A quick rant which I suspect might be well-received in gopherspace:

Over the past month a much higher proportion than usual of my trips to
the bathroom have taken place on planes or in airports, on trains or
in train stations, in petrol stations, restaurants and other
not-remotely-homely locations.  As a result, I'm well and truly sick
and tired of robot bathrooms, where it seems like just about anything
which can be automated will be automated, although very rarely well.
Sometimes this extends even to flushing the toilet when you stand up,
but the most common targets are getting soap onto your hands, getting
water running over your hands and then drying them.

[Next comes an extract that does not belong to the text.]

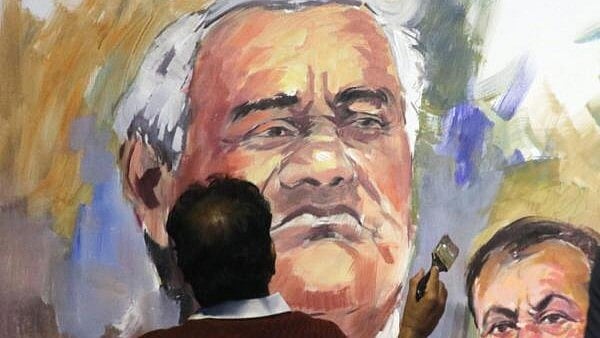 <div class="paragraphs"><p>An artist makes a painting of former prime minister Atal Bihari Vajpayee</p></div>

It's not uncommon for this entire three-part process to rely on
various sensors for turning things on and off.  It's very common for
at least one stage in the process to either not work at all, or to
work very poorly indeed: say, the water or the hot air comes on when
you put your hands in the right place but if you move your hands by
more than an inch or so it cuts out, so if you want to actually wash
or dry your hands enough to make a difference you get this irritating
lowfrequency pulse-width modulation system happening.  Or maybe the
sensor turns the water on, but it gets switched off after
approximately one quarter of the amount of time it takes to properly
wash your hands.  It hasn't happened to me yet, but I live in fear of
the inevitable day that I get a nice big blob of soap
precision-delivered to my open palm and then find that none of the
taps will turn on at all, and there's no paper towel to wipe it off
with, just automatic hand driers...

Given that this stuff often works so badly, and/or breaks down much
more often than "old fashioned" bathrooms (you know, the kind we all
survive perfectly well using at home), one has to wonder why we so
routinely bother with the extra expense and environmental impact.

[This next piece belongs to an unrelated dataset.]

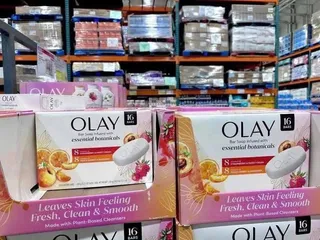 XÀ BÔNG TẮM DƯỠNG ẨM OLAY ESSENTIAL BOTANICALS MỸ HỘP 16 BÁNH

Many people will mention, no doubt, that it's more hygenic to use
sensors so people aren't all touching the same germy surfaces.

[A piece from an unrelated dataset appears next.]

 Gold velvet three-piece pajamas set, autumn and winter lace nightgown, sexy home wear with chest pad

There's something to this, I'm sure, but it doesn't apply to soap
dispensers (which you only touch immediately prior to washing your
hands with soapy water), and I think that in approximately half of
robot bathroom encounters, the first thing you do after washing your
hands is to touch a germy door handle on the way out, which seems
rather to defeat the point.  It feels, like so many things, like
technology for the sake of technology, with only quite flimsy
arguments in its favour.  The few times I encountered a fully manual
bathroom in my travels, I honestly found it a small relief.